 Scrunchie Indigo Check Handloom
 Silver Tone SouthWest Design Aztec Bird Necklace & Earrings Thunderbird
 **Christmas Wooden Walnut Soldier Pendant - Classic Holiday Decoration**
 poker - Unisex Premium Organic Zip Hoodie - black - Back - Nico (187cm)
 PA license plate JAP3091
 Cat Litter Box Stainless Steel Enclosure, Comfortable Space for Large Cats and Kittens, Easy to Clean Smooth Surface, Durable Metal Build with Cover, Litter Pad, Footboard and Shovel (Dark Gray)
---
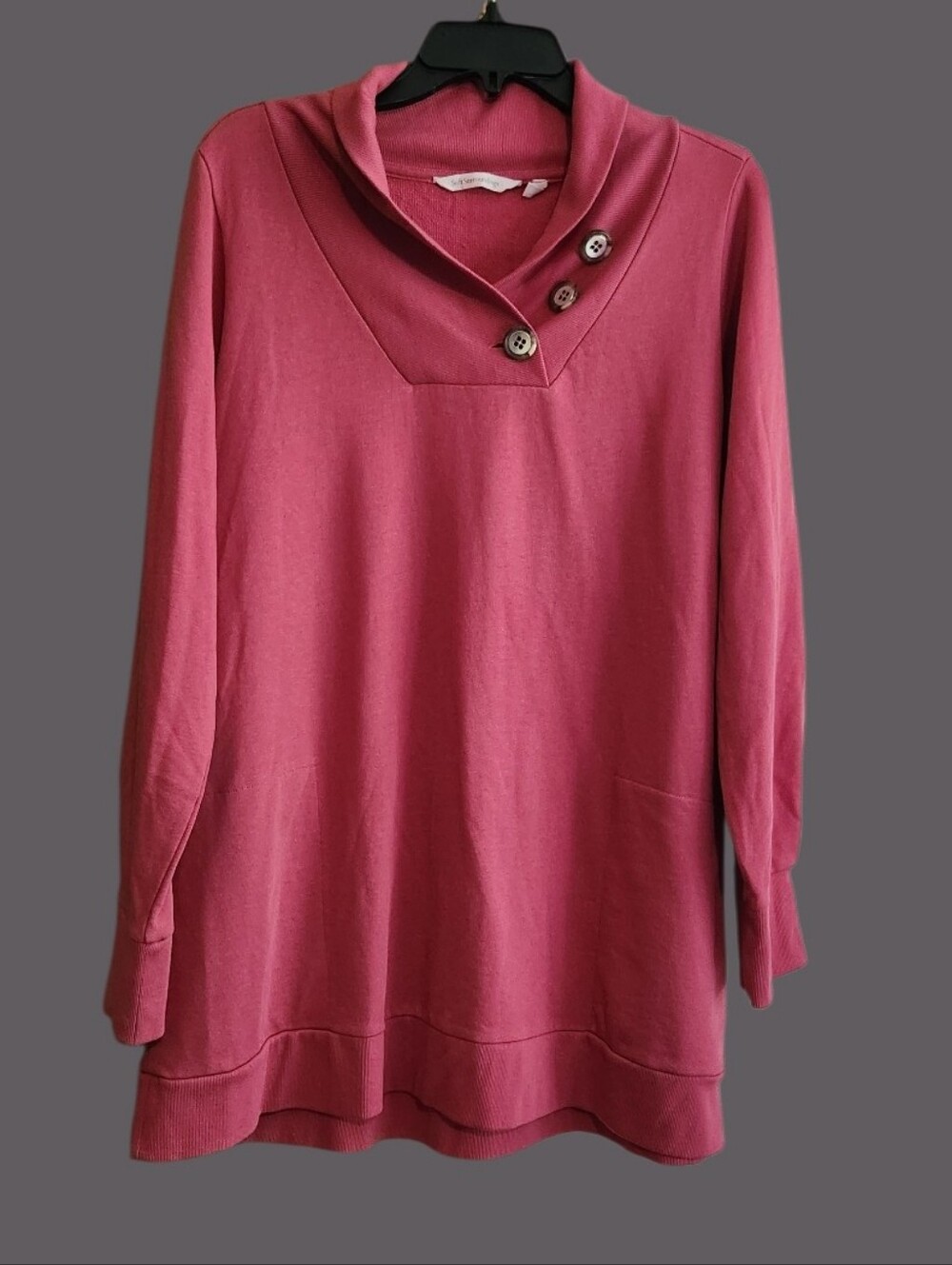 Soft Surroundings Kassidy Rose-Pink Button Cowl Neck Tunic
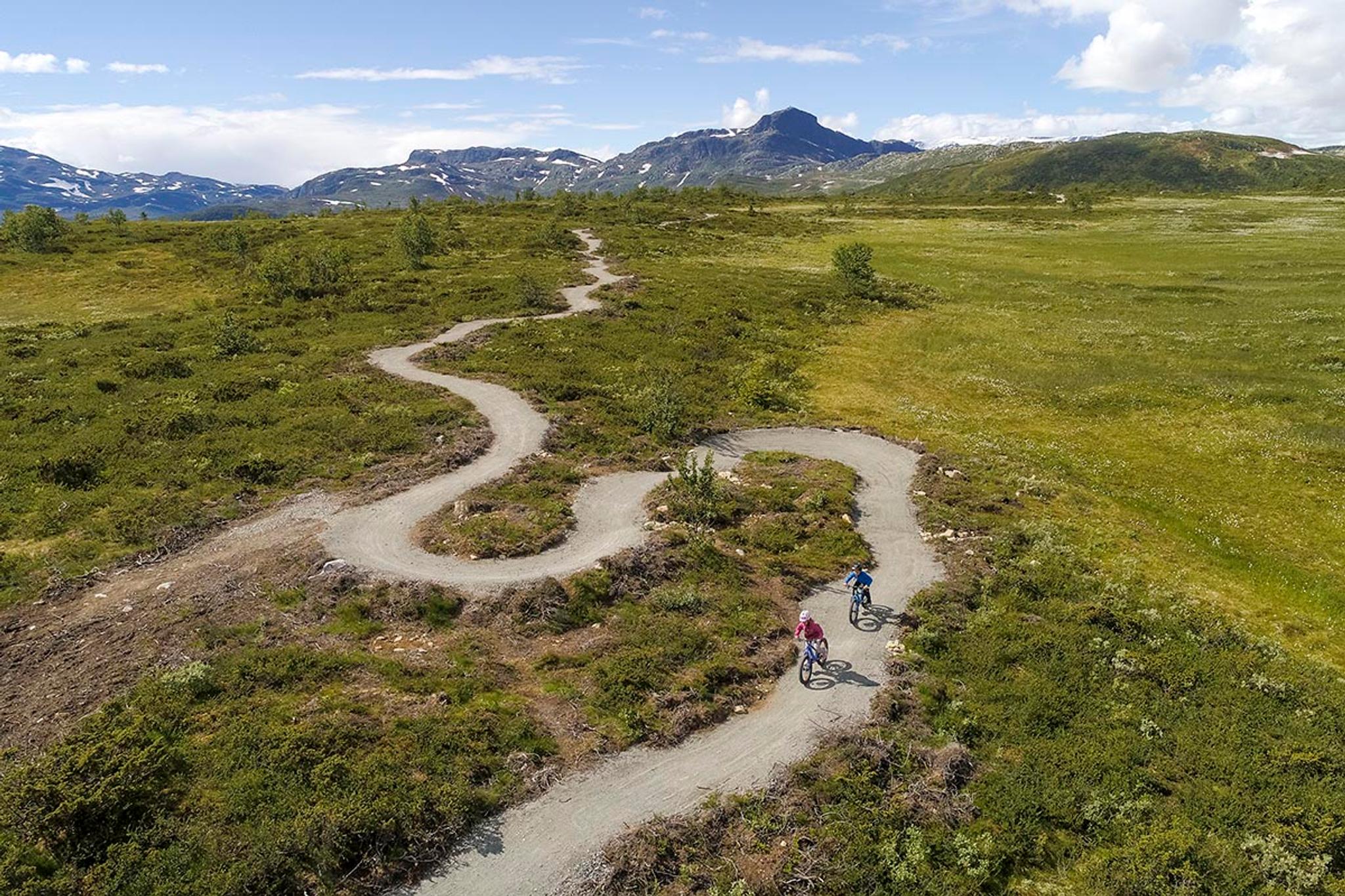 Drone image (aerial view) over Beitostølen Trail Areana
---
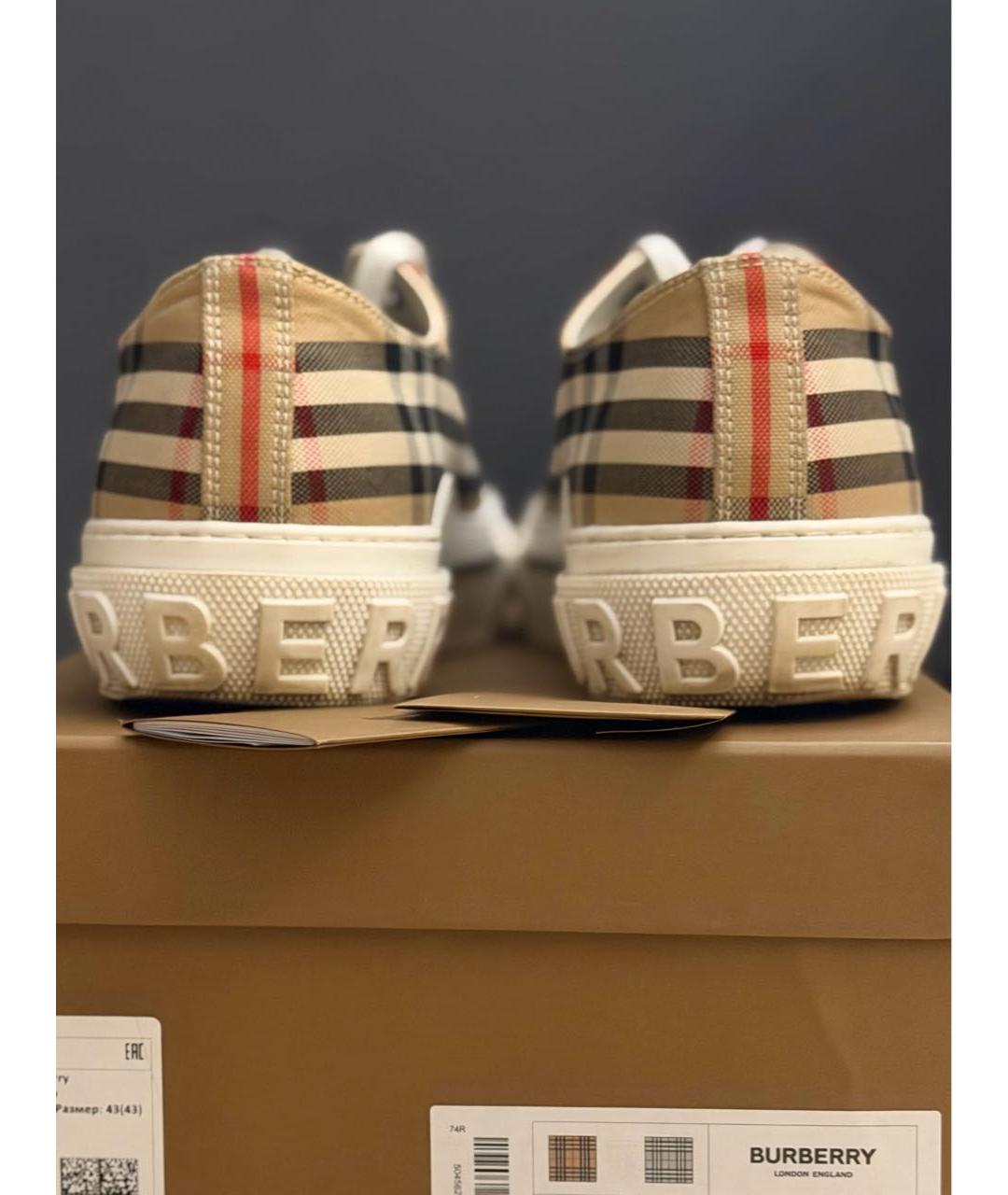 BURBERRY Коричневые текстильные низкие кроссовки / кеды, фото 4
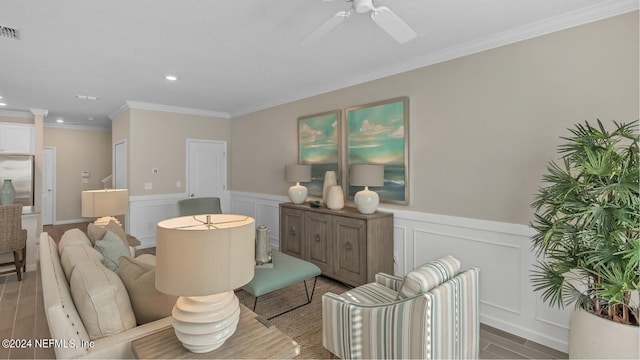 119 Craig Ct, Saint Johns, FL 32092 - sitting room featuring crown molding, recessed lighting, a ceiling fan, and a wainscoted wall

• _What you should do_
Only the lines above from the line with "Scrunchie Indigo Check Handloom" to the line with "Cat Litter Box", those two lines included, should be reproduced exactly.

• _Solution to the problem_
 Scrunchie Indigo Check Handloom
 Silver Tone SouthWest Design Aztec Bird Necklace & Earrings Thunderbird
 **Christmas Wooden Walnut Soldier Pendant - Classic Holiday Decoration**
 poker - Unisex Premium Organic Zip Hoodie - black - Back - Nico (187cm)
 PA license plate JAP3091
 Cat Litter Box Stainless Steel Enclosure, Comfortable Space for Large Cats and Kittens, Easy to Clean Smooth Surface, Durable Metal Build with Cover, Litter Pad, Footboard and Shovel (Dark Gray)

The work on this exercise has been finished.